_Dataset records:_
* * * *

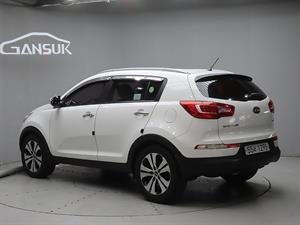 KIA Sportage - Vista 6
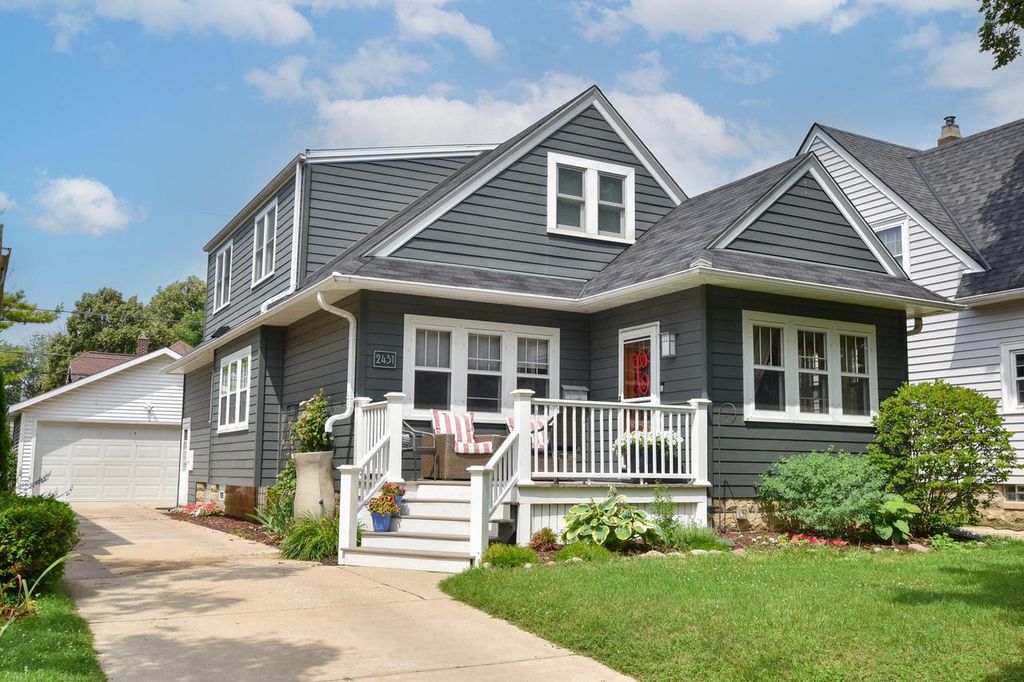 Photo of 2431 N 70th STREET, Wauwatosa, WI 53213 (MLS # 1952466)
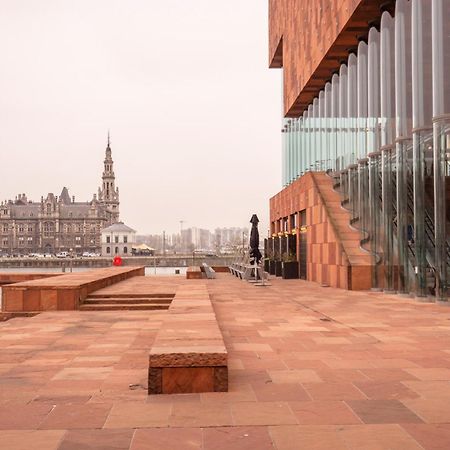 Shway - The Captain'S View Antwerpen Bagian luar foto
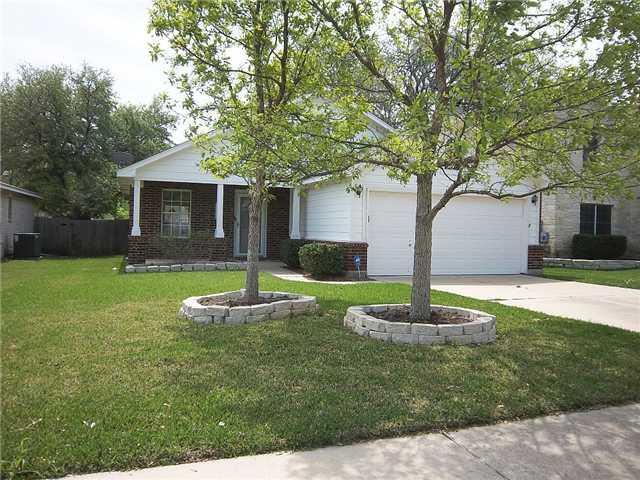 1702 Lloydminister Way in Cedar Park, TX - Building Photo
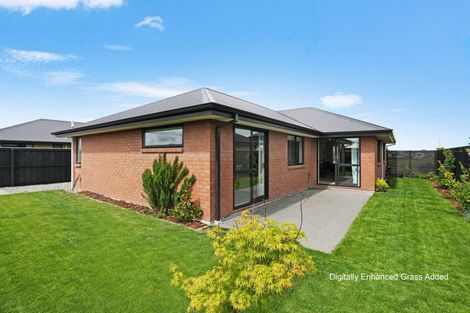 Photo of property in 13 Nepia Lane, Rolleston, 7615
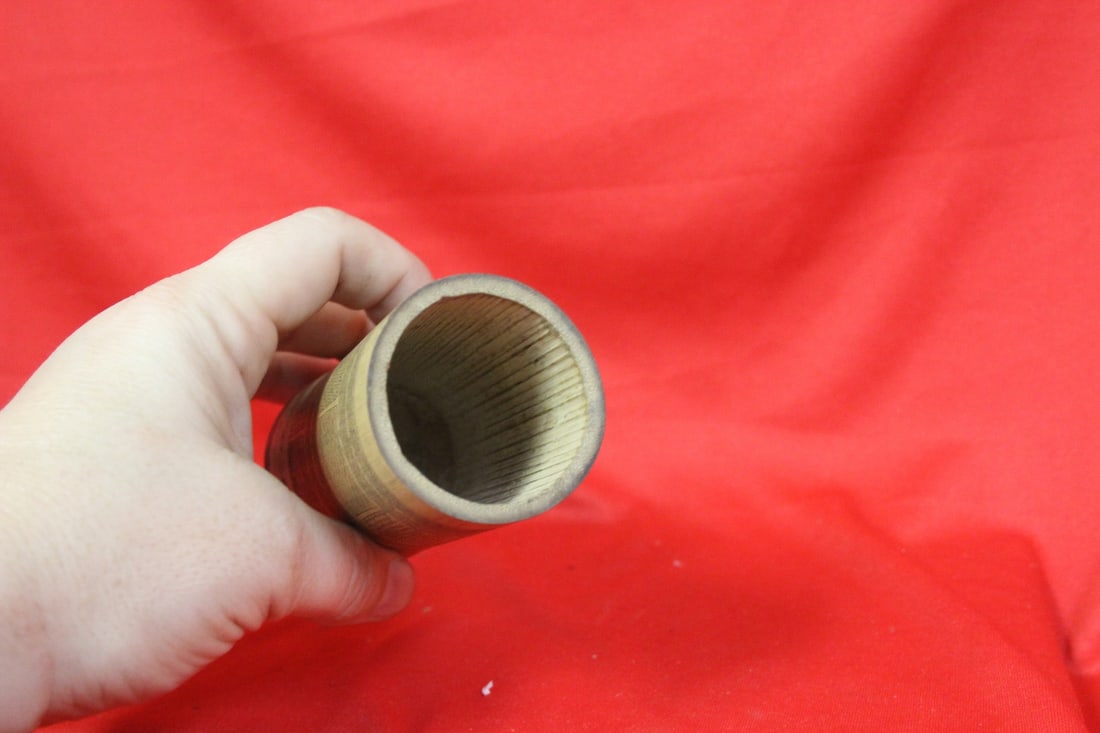 A Bamboo Holder - 3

* * * *

_WHAT TO DO:_ Only the lines from the one containing "Photo of property" through the end of the records should be copied, exactly and with both ends included; the pictures should not.

_OUTPUT:_
 Photo of property in 13 Nepia Lane, Rolleston, 7615
 A Bamboo Holder - 3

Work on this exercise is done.